Trading backends rarely run only “fast” requests. Market data ingestion, reconciliation jobs, and downstream calls can all be long-running or flaky. In this project, I lean on async workflows, explicit retries, and idempotent writes to keep things safe and responsive.

This post documents the current patterns and the direction for larger async jobs.

1. Async everywhere, with clean lifecycle management

The FastAPI app uses an async lifespan to initialize and shut down shared dependencies:

# backend/src/app_factory.py

@asynccontextmanager
async def lifespan(app: FastAPI):
    await initialize_async_database()
    app.state.http_client = build_http_client()
    await RedisClientManager().init()
    yield
    await app.state.http_client.aclose()
    await app.state.redis.close()

This ensures shared async resources are initialized once and reused across requests.

2. Long-running ingestion is split into small chunks

Market data ingestion is processed in bulk, but chunked to avoid long transactions and memory spikes.

# backend/src/services/trades_service.py

async def ingest_payload(..., chunk_size: int = 1000, on_conflict: str = "nothing"):
    inserted = await self._bulk_upsert(..., chunk_size=chunk_size)

Chunking keeps the workflow predictable even when payloads get large, and it reduces the blast radius of failures (only the current chunk is affected).

3. Retry logic is explicit and bounded

For upstream calls (Go worker), retries are bounded and exponential backoff:

# backend/src/utils/go_worker.py

async def fetch_go_worker_json(..., retries=1, backoff=0.2):
    for attempt in range(retries + 1):
        try:
            resp = await client.get(url)
        except httpx.HTTPError:
            if attempt < retries:
                await asyncio.sleep(backoff * (2 ** attempt))
                continue
            raise HTTPException(status_code=502, ...)

Key rules:

Retry only on network errors and upstream 5xx responses.
Don’t retry on 4xx (bad requests, auth failures) or invalid payloads (decode/shape errors).
Never allow infinite retries: retries are bounded and failures surface clearly.

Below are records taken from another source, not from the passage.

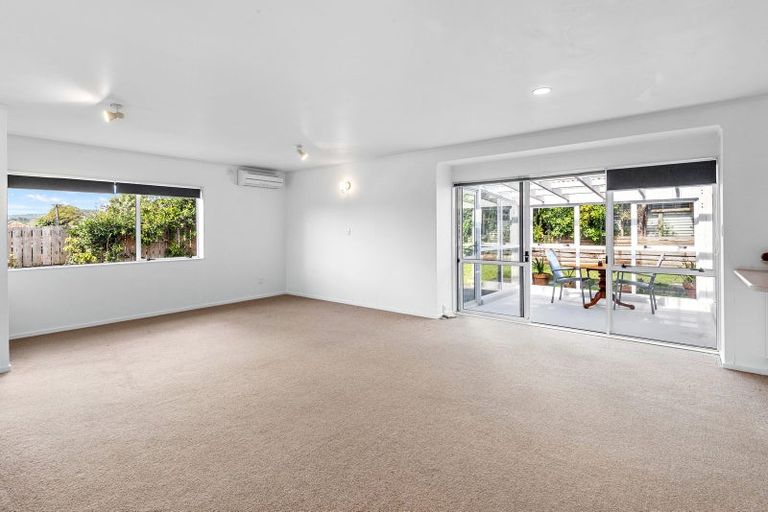 Photo of property in 8b Lockesley Place, Onerahi, Whangarei, 0110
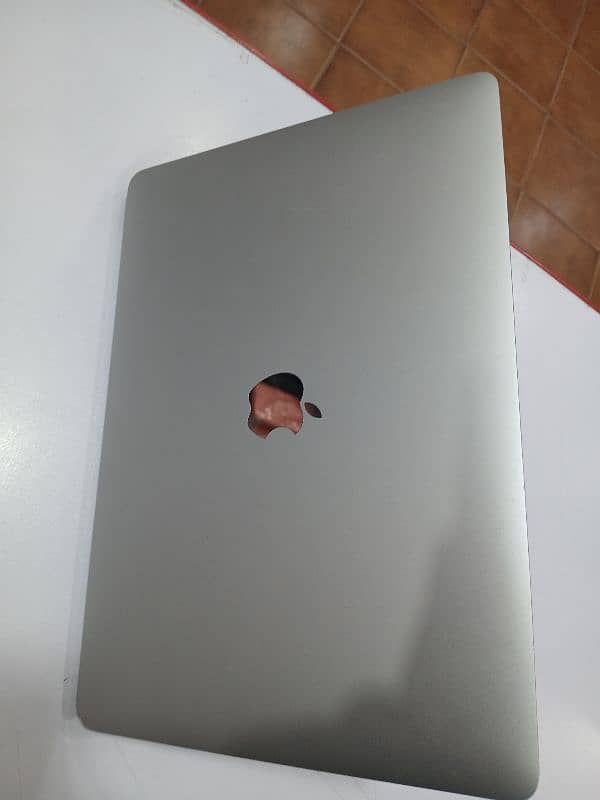 Apple MacBook Air 13" 0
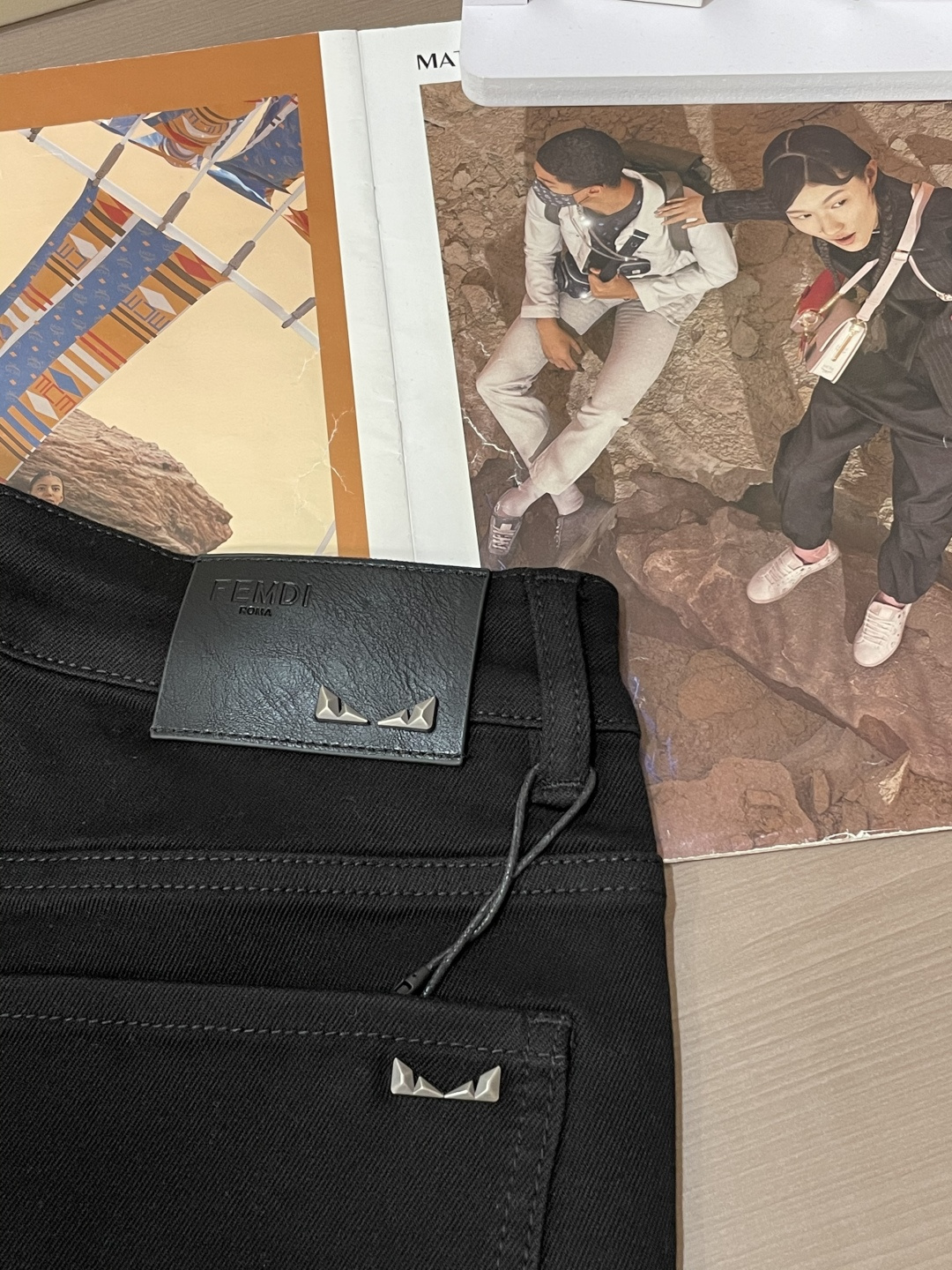 FD 2025新款！高端订制修身商务直筒牛仔裤 原版五金辅料 日常商务休闲都完全适用的款，上身效果超正，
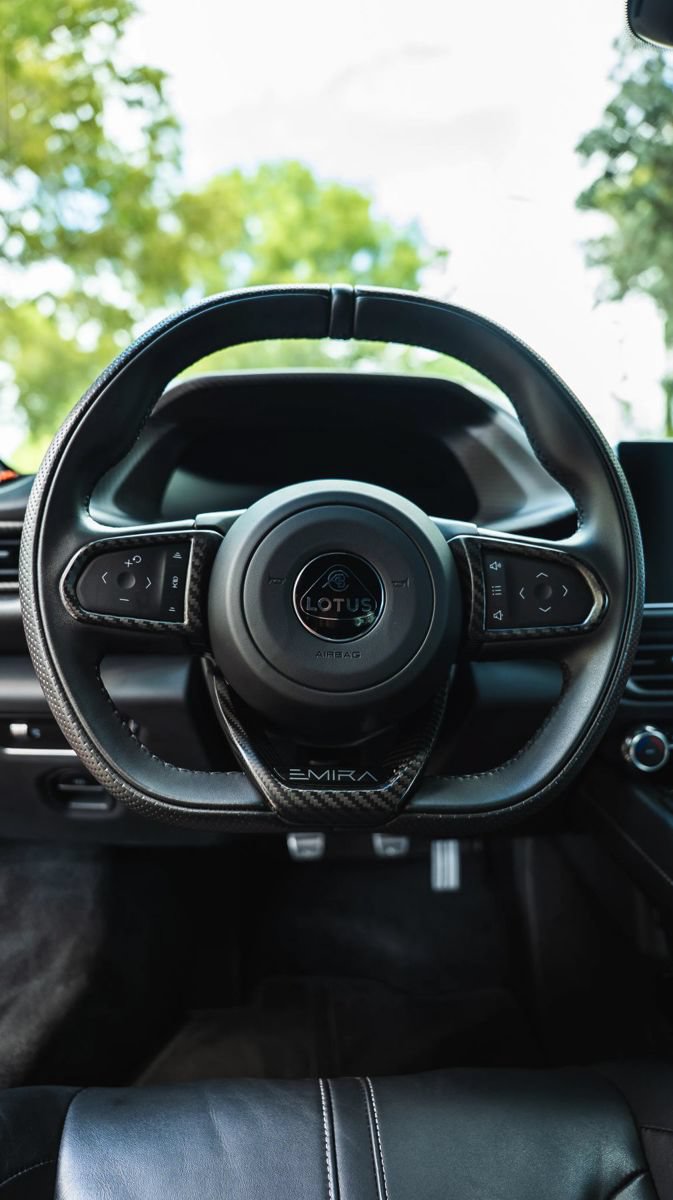 Used 2025 Lotus Emira RWD image 21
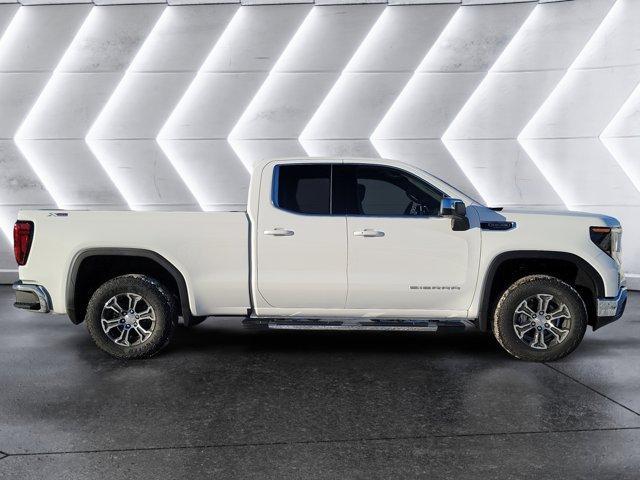 new 2025 GMC Sierra 1500 car, priced at $54,350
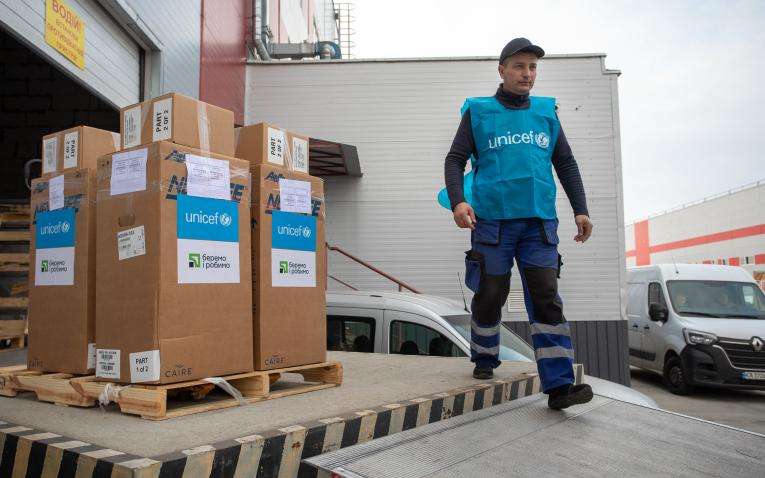 34 украинские больницы получат кислородные концентраторы от благотворительного фонда ПриватБанка и ЮНИСЕФ 34 украинские больницы получат кислородные концентраторы от благотворительного фонда ПриватБанка и ЮНИСЕФ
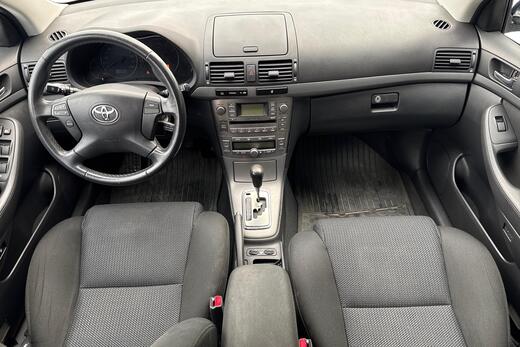 Toyota Avensis vaihtoauto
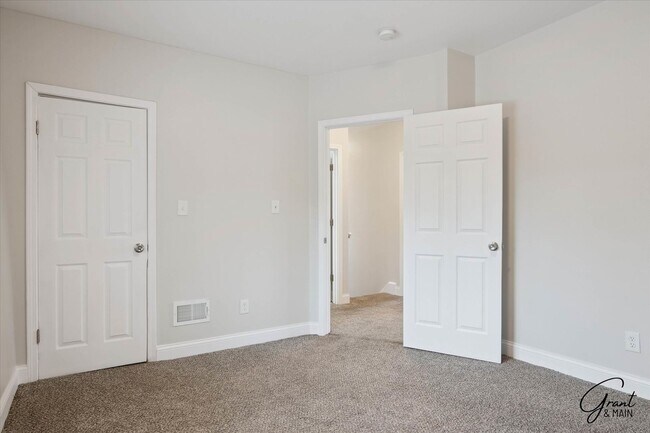 Building Photo - $1625 Fully remodeled, spacious 4 bedroom ...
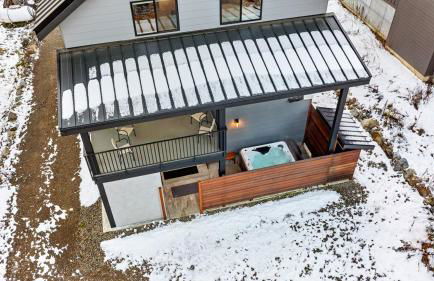 LUXE Hyak Retreat with Sauna, Hot Tub, Game Room, 6BR - Foto 21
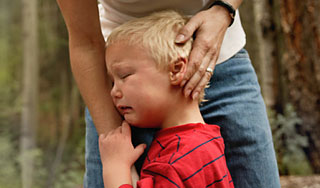 Няня душила ребенка и выбила ему зубы Няня душила ребенка и выбила ему зубы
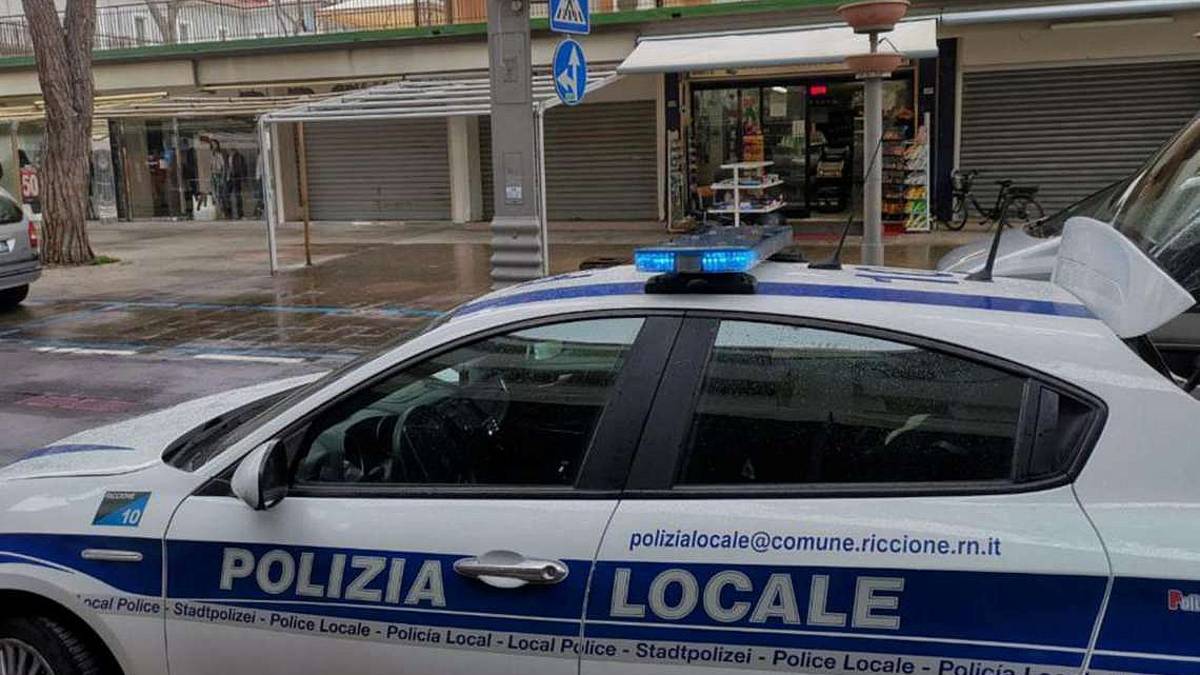 Riccione: Non venite se siete astemi, hotel chiuso per 5 giorni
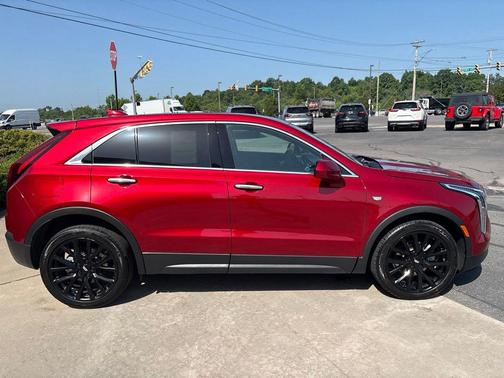 Cayenne Red Tintcoat 2022 Cadillac XT4 Luxury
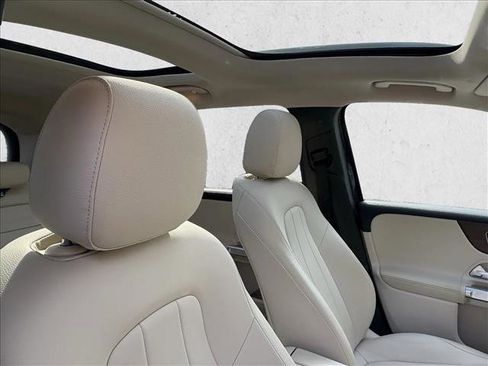 Used 2023 Mercedes-Benz GLB 250 image 20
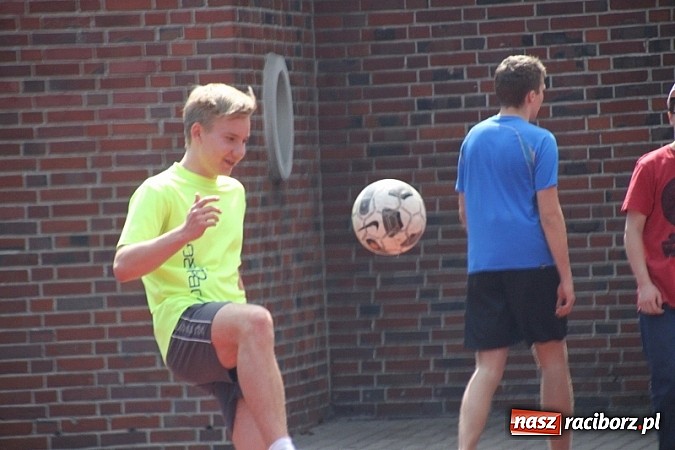 Zdjęcie w galerii na portalu naszraciborz.pl: Piknik szkolny w ZSO nr 1 przy Kasprowicza  wiadomości z regionu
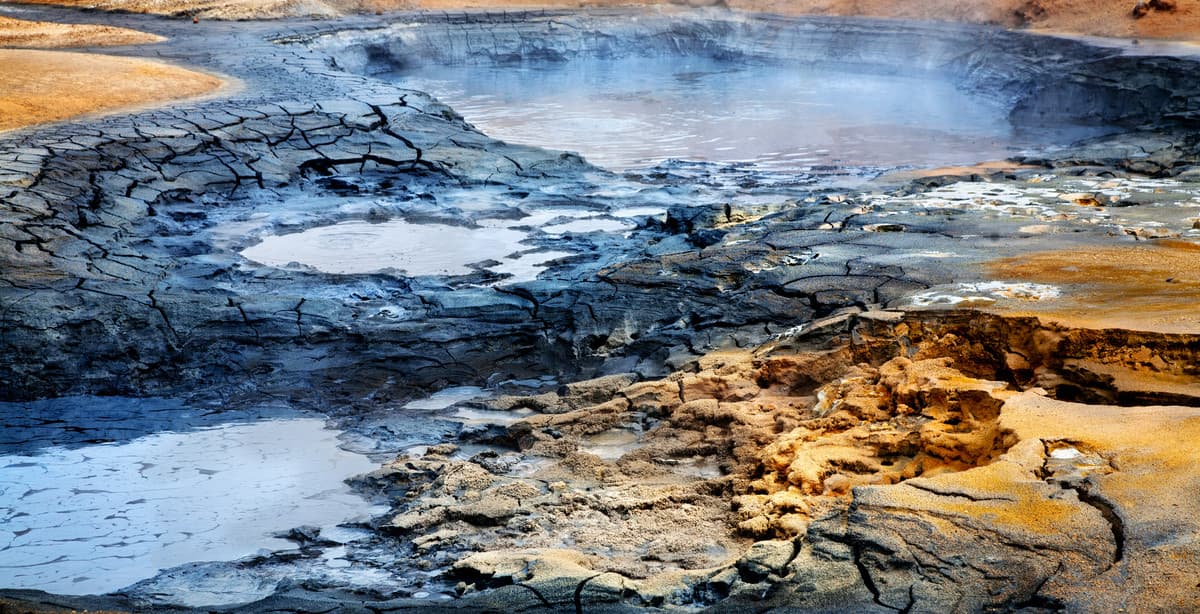 9-day discovery of northern Iceland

4. Idempotency protects retries and replays

Retries are safe because writes are idempotent:

Trades use ON CONFLICT DO NOTHING on a natural unique key (e.g., exchange_id + currency_pair_no + trade_id).
Orderbook snapshots use conflict keys (e.g., (exchange_id, currency_pair_no, server_time_ms, sequence_id)), and levels are also conflict-safe per snapshot.
Services return deterministic summaries (attempted / inserted / skipped) so retries remain observable.

That means even if the same batch is processed twice (or two workers race), the database state stays consistent.